▶ **The task**: Wherever the word "design" shows up in the data, report the line it sits in.

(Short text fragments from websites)
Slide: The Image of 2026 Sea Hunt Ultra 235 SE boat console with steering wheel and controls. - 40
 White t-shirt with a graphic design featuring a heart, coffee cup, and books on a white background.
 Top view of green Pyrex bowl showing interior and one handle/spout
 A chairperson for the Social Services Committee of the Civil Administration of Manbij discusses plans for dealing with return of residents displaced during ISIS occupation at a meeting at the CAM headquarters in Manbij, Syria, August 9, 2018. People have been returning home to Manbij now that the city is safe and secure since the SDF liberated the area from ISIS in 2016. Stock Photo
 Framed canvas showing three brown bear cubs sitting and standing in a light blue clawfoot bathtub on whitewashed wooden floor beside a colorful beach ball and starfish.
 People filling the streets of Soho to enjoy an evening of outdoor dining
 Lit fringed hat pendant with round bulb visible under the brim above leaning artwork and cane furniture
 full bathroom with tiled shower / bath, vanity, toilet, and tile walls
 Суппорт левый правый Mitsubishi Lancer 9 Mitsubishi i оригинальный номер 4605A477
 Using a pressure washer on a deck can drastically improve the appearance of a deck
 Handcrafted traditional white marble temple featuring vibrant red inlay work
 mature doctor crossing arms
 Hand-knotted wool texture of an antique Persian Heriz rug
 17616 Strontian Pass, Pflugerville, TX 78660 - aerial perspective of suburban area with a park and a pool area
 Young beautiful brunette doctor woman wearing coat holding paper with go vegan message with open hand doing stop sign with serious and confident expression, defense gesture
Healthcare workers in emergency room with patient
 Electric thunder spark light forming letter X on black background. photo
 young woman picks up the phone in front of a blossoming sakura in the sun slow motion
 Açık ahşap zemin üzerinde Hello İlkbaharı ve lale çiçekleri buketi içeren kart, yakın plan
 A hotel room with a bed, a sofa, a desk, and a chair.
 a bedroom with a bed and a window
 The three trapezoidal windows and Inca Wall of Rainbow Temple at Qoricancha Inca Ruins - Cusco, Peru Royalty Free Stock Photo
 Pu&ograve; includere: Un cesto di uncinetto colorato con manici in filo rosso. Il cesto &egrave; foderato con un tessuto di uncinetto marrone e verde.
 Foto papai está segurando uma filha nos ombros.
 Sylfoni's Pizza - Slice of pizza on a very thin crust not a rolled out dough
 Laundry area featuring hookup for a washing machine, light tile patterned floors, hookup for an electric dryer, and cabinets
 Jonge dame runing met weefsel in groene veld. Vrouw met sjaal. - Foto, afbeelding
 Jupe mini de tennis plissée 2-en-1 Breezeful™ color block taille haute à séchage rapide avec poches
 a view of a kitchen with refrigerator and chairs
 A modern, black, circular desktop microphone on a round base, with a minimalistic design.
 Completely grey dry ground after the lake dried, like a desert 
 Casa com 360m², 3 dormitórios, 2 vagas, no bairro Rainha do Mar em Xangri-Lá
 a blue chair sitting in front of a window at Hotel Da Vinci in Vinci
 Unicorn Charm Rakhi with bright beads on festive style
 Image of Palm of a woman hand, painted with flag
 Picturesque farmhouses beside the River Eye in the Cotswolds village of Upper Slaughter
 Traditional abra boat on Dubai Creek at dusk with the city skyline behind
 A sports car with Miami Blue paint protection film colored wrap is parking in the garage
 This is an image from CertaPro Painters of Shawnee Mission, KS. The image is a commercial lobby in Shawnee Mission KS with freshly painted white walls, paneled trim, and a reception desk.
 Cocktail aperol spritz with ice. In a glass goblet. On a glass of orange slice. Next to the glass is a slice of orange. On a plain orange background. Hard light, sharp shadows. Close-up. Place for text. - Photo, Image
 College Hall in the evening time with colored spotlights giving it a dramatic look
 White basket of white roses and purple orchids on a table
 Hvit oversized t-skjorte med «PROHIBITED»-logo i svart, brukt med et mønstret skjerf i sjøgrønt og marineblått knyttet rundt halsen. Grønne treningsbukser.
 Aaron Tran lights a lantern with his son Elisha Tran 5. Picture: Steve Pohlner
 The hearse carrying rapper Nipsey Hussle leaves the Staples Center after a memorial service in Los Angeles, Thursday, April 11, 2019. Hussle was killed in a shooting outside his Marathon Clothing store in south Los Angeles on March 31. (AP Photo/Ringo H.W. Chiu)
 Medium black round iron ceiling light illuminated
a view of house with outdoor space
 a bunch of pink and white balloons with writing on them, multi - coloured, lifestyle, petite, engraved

▶ **Response to this task**:
 White t-shirt with a graphic design featuring a heart, coffee cup, and books on a white background.
 A modern, black, circular desktop microphone on a round base, with a minimalistic design.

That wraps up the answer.